Given information:
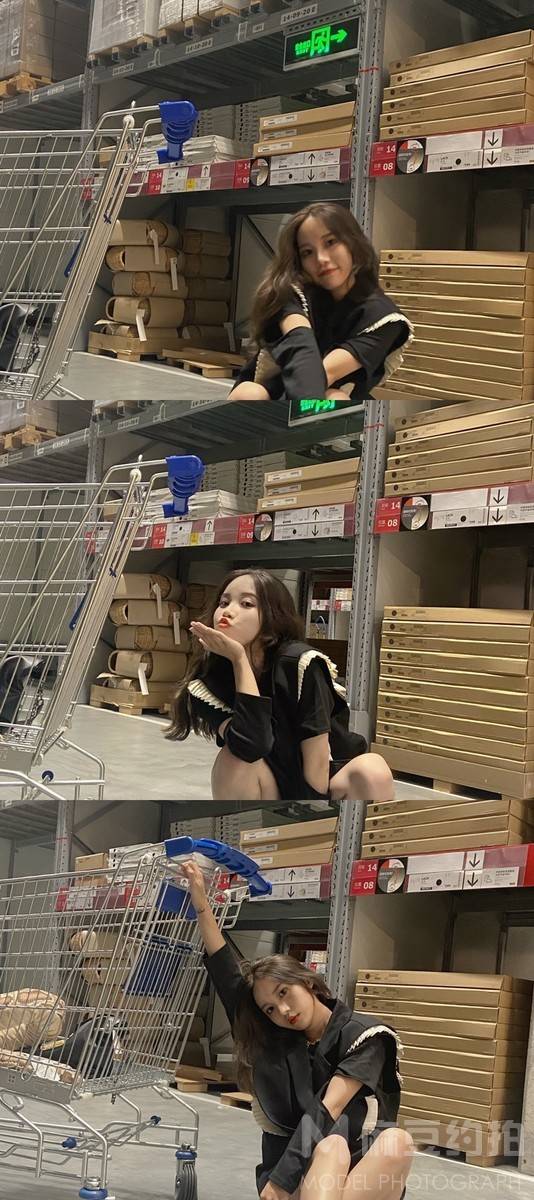 黑白模特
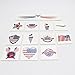 Fourth of July Tattoos 144 Pack Independence Day Patriotic Party Accessories, including 72 Glow In The Dark Tattoos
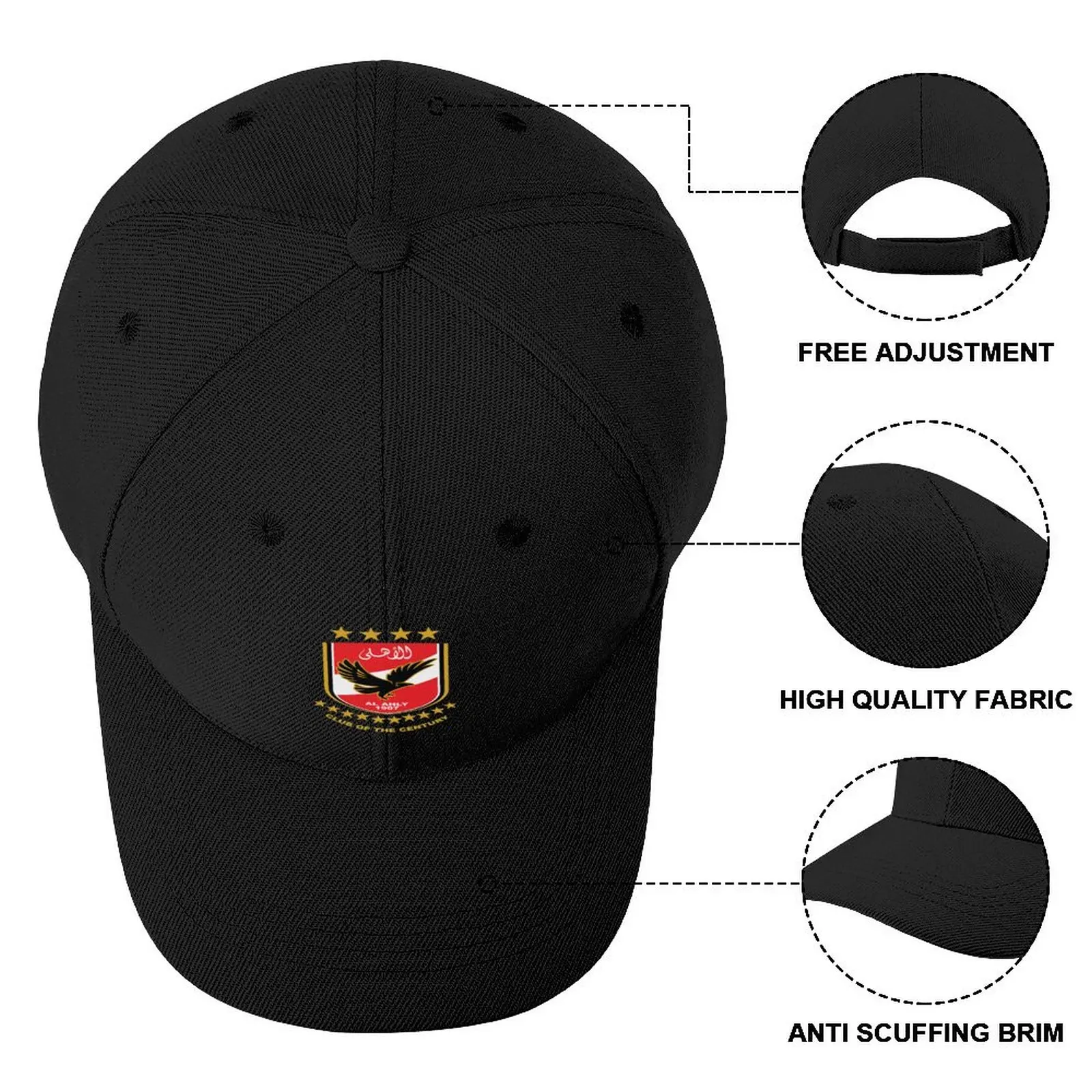 Al Ahly 10Stars Baseball Cap cute Anime Hat sun hat Rugby Hats For Men Women's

Assignment:
Output the listing exactly, without images.

Output below:
 黑白模特
 Fourth of July Tattoos 144 Pack Independence Day Patriotic Party Accessories, including 72 Glow In The Dark Tattoos
 Al Ahly 10Stars Baseball Cap cute Anime Hat sun hat Rugby Hats For Men Women's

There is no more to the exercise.